If you’ve known me for any period of time, then you’ve probably heard my name associated with the word “workhorse”. Being known as a “workhorse” is a blessing and a curse. It’s a blessing because, if done properly with the right heart attitude, many things can be accomplished for the kingdom and for His glory. But recently I’ve come across this attribute as carrying a great cost.
In ML-J’s “Studies in the Sermon on the Mount,” I was struck down by his sermon on Matthew 7:22:
“On that day many will say to me, ‘Lord, Lord, did we not prophesy in your name, and cast out demons in your name, and do many mighty works in your name?’
ML-J goes on and gives examples of these “many” who will claim to know the Lord and yet He will turn them away. Here is the example that cut my heart deeply:
“We need to be quite clear about this, for there is no doubt that one of the greatest dangers of all in the Christian life is that a man may live on his own activities…You can be so busy preaching and working that you are not nurturing your own soul.
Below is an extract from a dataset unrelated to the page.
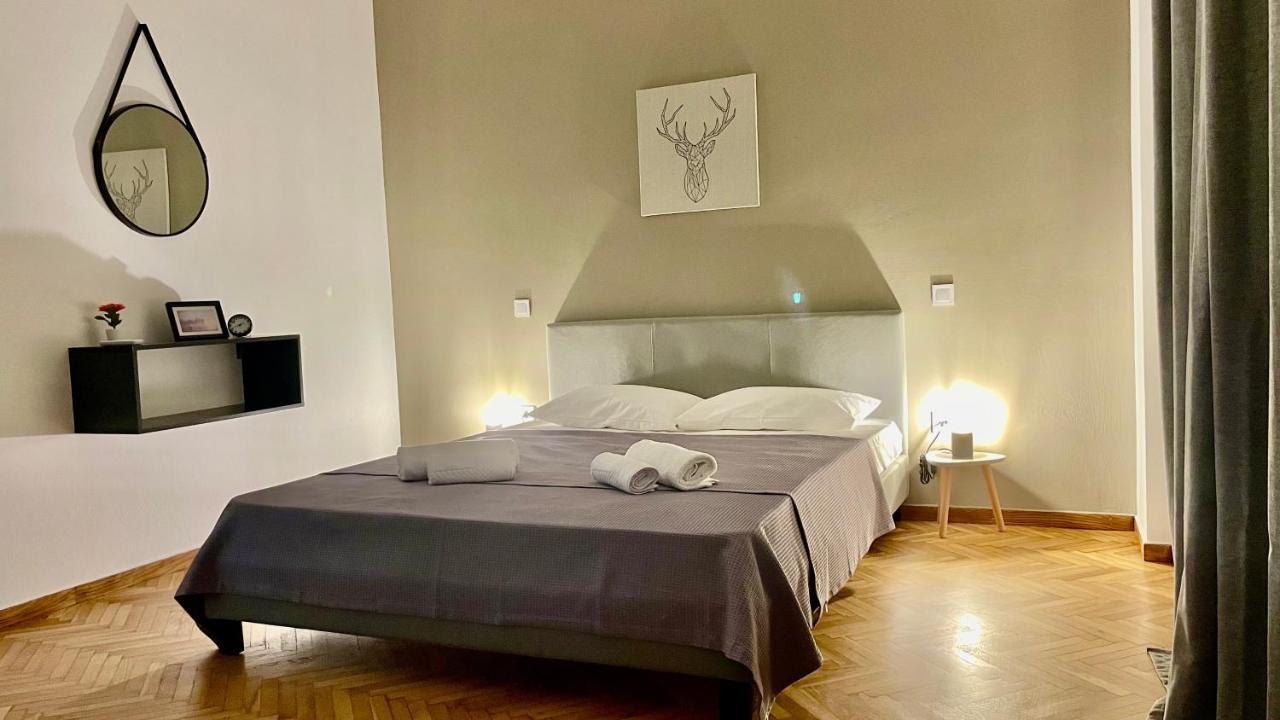 Gorgeous Renovated Apt. Close To Metro And Cultural Sites! Atene Esterno foto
You are so neglecting your own spiritual life that you find at the end that you have been living on yourself and your own activities. And when you stop, or are stopped by illness or circumstances, you find that life is empty and that you have no resources.”
He is speaking of those who are possible “workhorses” in ministry who find their spiritual nourishment/life in their work. There is a chasm, a canyon-like gap, between their hearts and Christ. And yet they are completely satisfied being nurtured by their own ministry/work to not take notice of their soul’s malnourished state.
We had a good weather day recently, so I took the boys out to play at the nearby soccer field. We were winding down our stay and I was trying to convince the boys to leave so we can eat some ice cream. But my oldest would say, “Not right now” and then proceed to run around. A grandma and her granddaughter was around us and had a bag of peanuts. My oldest ran up to her to ask for a peanut. In that moment, and out of principle (I don’t know where those peanuts came from), I warned him not to take that peanut and that if he did, there would be no ice cream. In complete short-sighted, childish, and impulsive action, he looks at me and takes the peanut and begins to put it in his mouth.
Suffice to say, we didn’t have ice cream but rather had a talk about the whole incident. He substituted something that is much tastier, safer, and coming from his father for a peanut from a random grandmother. He started to breakdown and said “Why did I do that?”
The point: Being a workhorse often places me in this danger of substituting peanuts (the work I do) for the greater and more satisfying gift of all: Christ. The heart can subtlety say that it is sufficient to do the work and live off of that, but the Word says otherwise. I’m glad that there are still seasons in which God will give me these heart checks and cause me to ask the same question as my oldest, “Why did I do that?”
God, why do I keep substituting the work I do for Christ? Nourish and teach me that I may not look to any other resource but Jesus Christ for my spiritual life.